(AfriquesPlus) - La Development Finance Corporation (DFC) soutient une série de projets africains de terres rares, alors que les investisseurs privés restent réticents à financer ce secteur pourtant jugé stratégique, ont confié à Reuters deux hauts responsables de l'agence, dans un article signé Maxwell Akalaare Adombila et publié le 19 août 2026.
La DFC a mis 62,8 millions de dollars sur la table pour des projets de terres rares au Malawi, en Angola, à Madagascar et en Afrique du Sud, aucun n'ayant pour l'instant atteint le stade de la production, a indiqué l'agence mercredi.
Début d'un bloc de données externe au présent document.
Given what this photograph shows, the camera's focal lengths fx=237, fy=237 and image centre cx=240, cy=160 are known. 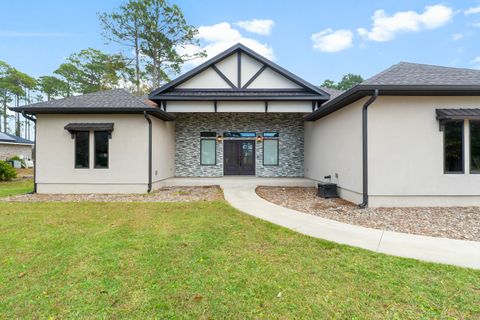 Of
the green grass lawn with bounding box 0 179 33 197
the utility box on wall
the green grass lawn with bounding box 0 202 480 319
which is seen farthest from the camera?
the green grass lawn with bounding box 0 179 33 197

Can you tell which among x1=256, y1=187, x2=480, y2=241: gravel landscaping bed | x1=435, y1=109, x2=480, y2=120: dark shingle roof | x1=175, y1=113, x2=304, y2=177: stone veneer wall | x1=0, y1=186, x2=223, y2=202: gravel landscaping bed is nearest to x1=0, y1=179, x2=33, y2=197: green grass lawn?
x1=0, y1=186, x2=223, y2=202: gravel landscaping bed

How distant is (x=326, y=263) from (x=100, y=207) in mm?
6540

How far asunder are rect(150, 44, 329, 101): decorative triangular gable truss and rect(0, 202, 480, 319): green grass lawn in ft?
27.6

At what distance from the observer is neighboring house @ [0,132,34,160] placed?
21484 millimetres

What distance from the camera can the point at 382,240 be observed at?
433 cm

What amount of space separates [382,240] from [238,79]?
383 inches

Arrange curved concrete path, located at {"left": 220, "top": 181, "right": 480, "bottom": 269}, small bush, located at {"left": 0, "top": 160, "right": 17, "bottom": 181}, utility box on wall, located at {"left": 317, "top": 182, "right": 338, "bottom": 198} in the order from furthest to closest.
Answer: small bush, located at {"left": 0, "top": 160, "right": 17, "bottom": 181} → utility box on wall, located at {"left": 317, "top": 182, "right": 338, "bottom": 198} → curved concrete path, located at {"left": 220, "top": 181, "right": 480, "bottom": 269}

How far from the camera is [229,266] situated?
336 centimetres

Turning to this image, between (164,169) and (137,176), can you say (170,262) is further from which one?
(164,169)

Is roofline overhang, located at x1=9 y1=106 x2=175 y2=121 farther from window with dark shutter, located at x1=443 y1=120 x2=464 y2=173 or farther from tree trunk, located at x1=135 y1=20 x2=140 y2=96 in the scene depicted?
tree trunk, located at x1=135 y1=20 x2=140 y2=96

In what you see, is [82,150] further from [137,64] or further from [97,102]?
[137,64]

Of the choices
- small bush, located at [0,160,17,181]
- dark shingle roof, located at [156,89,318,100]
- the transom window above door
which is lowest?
small bush, located at [0,160,17,181]

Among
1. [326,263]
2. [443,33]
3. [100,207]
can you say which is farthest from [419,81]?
[443,33]

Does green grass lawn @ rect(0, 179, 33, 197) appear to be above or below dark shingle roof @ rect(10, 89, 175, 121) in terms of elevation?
below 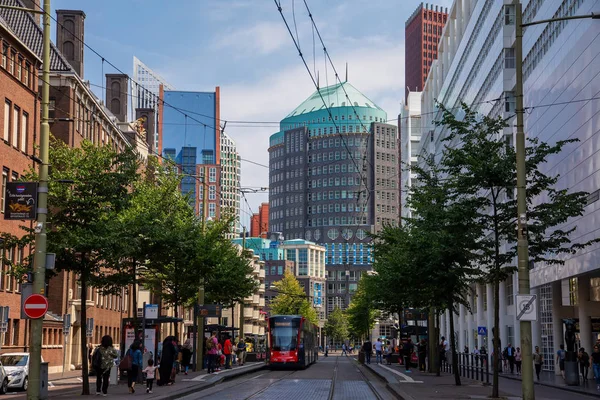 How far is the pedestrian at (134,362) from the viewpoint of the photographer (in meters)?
29.3

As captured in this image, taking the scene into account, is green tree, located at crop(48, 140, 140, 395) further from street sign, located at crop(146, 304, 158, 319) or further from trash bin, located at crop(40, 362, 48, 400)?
street sign, located at crop(146, 304, 158, 319)

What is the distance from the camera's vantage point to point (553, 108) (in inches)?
1727

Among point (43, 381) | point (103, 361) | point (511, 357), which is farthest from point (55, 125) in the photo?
point (43, 381)

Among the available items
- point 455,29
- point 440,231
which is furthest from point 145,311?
point 455,29

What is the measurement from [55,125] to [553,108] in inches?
1350

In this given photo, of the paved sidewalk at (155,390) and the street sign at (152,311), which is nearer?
the paved sidewalk at (155,390)

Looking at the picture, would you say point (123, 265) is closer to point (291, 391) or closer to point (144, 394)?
point (144, 394)

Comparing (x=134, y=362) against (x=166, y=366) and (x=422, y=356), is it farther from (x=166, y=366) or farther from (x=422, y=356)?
(x=422, y=356)

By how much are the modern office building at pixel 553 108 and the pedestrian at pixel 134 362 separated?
42.7 ft

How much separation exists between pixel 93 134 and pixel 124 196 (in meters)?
43.8

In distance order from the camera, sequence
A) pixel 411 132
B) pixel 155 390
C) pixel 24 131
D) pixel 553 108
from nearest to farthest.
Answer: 1. pixel 155 390
2. pixel 553 108
3. pixel 24 131
4. pixel 411 132

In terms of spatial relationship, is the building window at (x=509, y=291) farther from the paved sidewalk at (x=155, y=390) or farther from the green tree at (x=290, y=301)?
the green tree at (x=290, y=301)

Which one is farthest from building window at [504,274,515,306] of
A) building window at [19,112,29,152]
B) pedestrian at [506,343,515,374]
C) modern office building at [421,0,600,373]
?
building window at [19,112,29,152]

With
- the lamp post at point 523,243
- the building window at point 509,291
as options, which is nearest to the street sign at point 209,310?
the building window at point 509,291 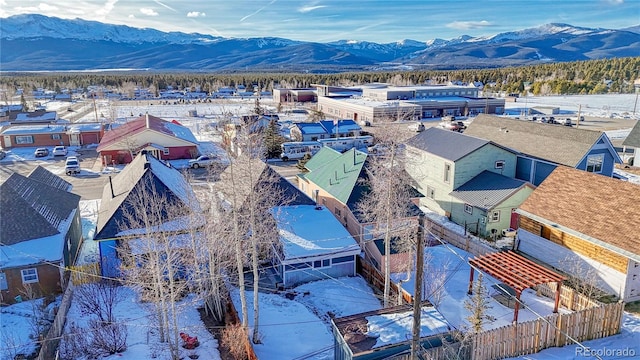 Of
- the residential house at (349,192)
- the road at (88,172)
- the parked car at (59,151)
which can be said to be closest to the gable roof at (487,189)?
the residential house at (349,192)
La plus grande partie de cette enveloppe (environ 50 millions de dollars) a été fléchée vers le projet Phalaborwa en Afrique du Sud, porté par l'investisseur minier dublinois TechMet.
« Nous ne voyons pas arriver de capitaux privés », a confié l'un des deux responsables, qui a requis l'anonymat n'étant pas autorisé à s'exprimer publiquement sur le sujet. « Nous essayons d'aider ces projets à atteindre un stade où le risque est réduit, pour qu'ils deviennent attractifs pour l'investissement privé », a-t-il ajouté, cité par l'agence.
Fait notable, souligne l'article : les deux cadres de la DFC ont reconnu publiquement, ce qui reste inhabituel, que les investisseurs privés demeurent largement réticents à financer les projets africains de terres rares, malgré leur importance stratégique pour réduire la dépendance américaine envers la Chine, premier producteur mondial, qui domine la chaîne d'approvisionnement et a durci ses contrôles à l'exportation ces dernières années.
Les terres rares sont indispensables aux aimants utilisés dans les véhicules électriques, les éoliennes et les systèmes de défense. Washington s'appuie de plus en plus sur la DFC pour bâtir des chaînes d'approvisionnement en minéraux critiques alignées sur les intérêts occidentaux, rapporte Reuters.
Un des responsables de la DFC a expliqué que les investisseurs privés restent méfiants à l'égard des projets africains de terres rares en raison de leur profil de risque plus élevé et de la crainte que les interventions chinoises sur le marché ne fragilisent les prix et la rentabilité économique des projets.